How do collector functions work in Scheme?

Question

I am having trouble understanding the use of collector functions in Scheme. I am using the book "The Little Schemer" (by Daniel P. Friedman and Matthias Felleisen). A comprehensive example with some explanation would help me massively. An example of a function using a collector function is the following snippet:

(define identity
  (lambda (l col)
    (cond
      ((null? l) (col '()))
      (else (identity
              (cdr l)
              (lambda (newl)
                (col (cons (car l) newl))))))))

... with an example call being (identity '(a b c) self) and the self-function being (define self (lambda (x) x)). The identity function returns the given list l, so the output of the given call would be (a b c).

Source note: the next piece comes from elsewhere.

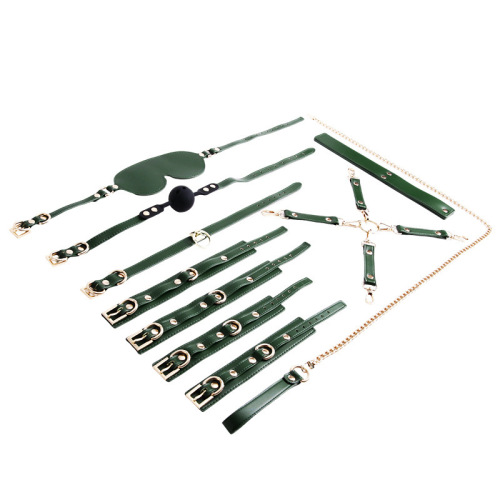 Green Dream SM 8-piece set erotic toys wearable couples bondage nipple clamps sex aid tools for adults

The exact language used is the R5RS Legacy-language.

Answer 1

^{I'm adding the second answer in the hopes it can clarify the remaining doubts in case you have any (as the lack of the "accepted" mark would indicate).}

In the voice of Gerald J. Sussman, as heard/seen in the SICP lectures of which the videos are available here and there on the internet tubes, we can read it as we are writing it,

(define identity

"identity" is defined to be

  (lambda

that function which, when given

           (l col)

two arguments, l and col, will

    (cond
      ((null? l)

-- in case (null? l) is true --

• OK, this means l is a list, NB

                 (col '()))
  

return the value of the expression (col '())

• OK, this now means col is a function, expecting of one argument, as one possibility an empty list,

      (else (identity (cdr l)

or else it will make a tail recursive call with the updated values, one being (cdr l),

                      (lambda (newl)
                        (col (cons (car l) newl)))))))

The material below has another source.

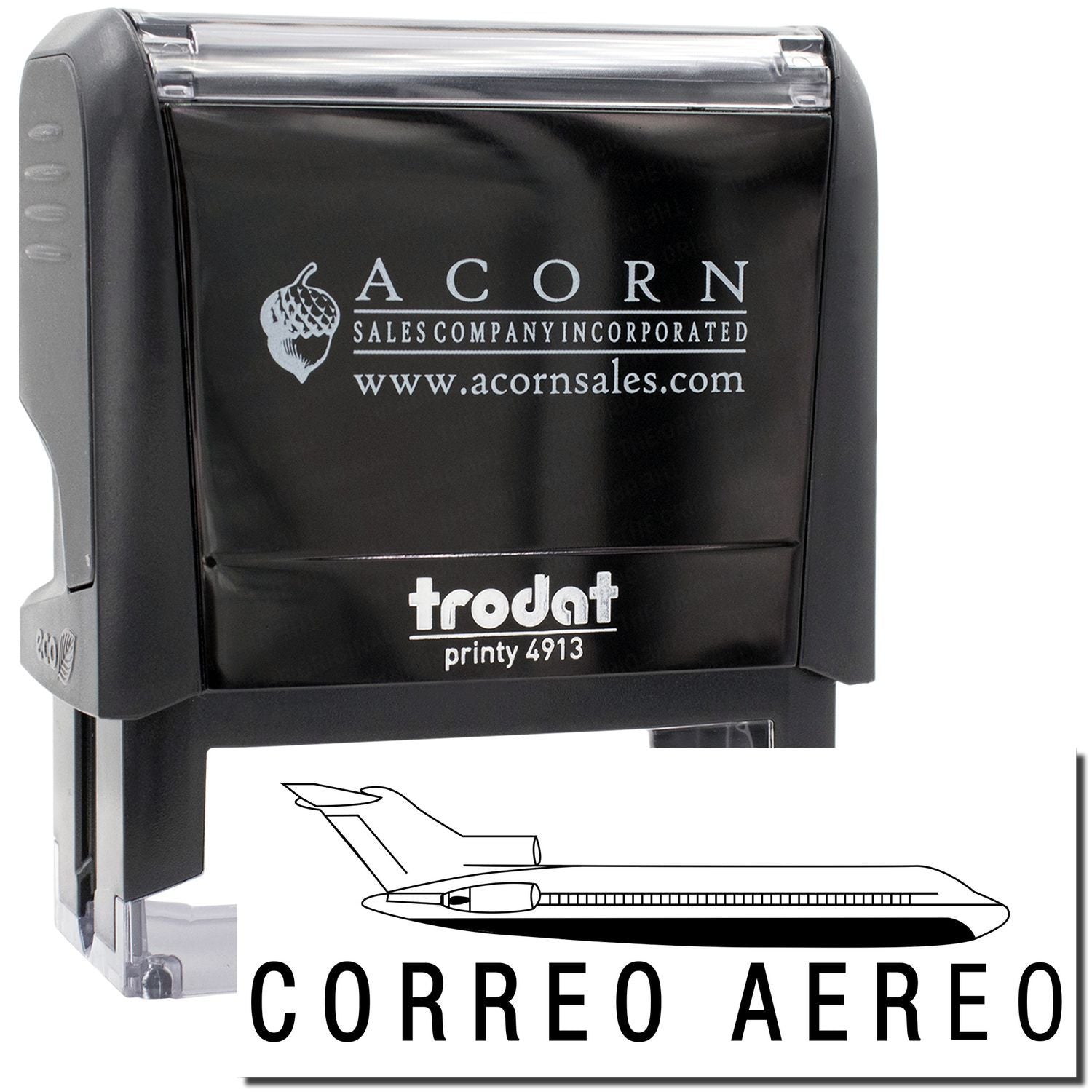 Acorn Sales company Printy 4913 stamp labeled Correo Aereo (air mail), for shipping and mailing documentation.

and the other a newly constructed function, such that when it will be called with its argument newl (a list, just as was expected of col -- because it appears in the same role, it must follow the same conventions), will in turn call the function col with the non-empty list resulting from prefixing (car l) to the list newl.

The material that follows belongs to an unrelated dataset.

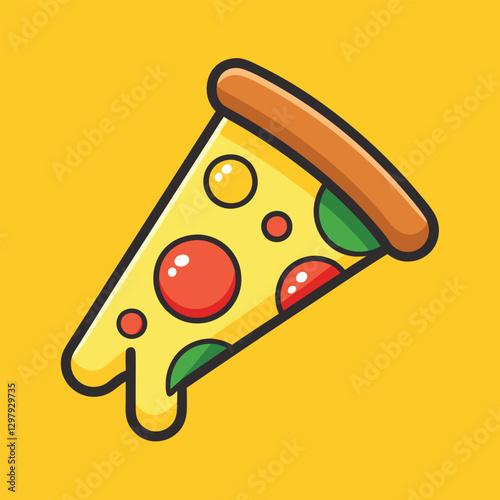 Premium Pizza Icon Design - Fast Food Cartoon Style Vector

Thus this function, identity, follows the equations

( identity   (cons (car l) (cdr l))           col                        )
==
( identity       (cdr l)     (lambda (newl)  (col  (cons (car l) newl))) )

and

( identity   '()   col )
==
( col        '()       )

describing an iterative process, the one which turns the function call

(identity [a,      b,      c, ...,    n]    col      )

into the call

(col
     (cons a (cons b (cons c ... (cons n '()) ... ))))

recreating the same exact list anew, before feeding it as an argument to the function col it has been supplied with.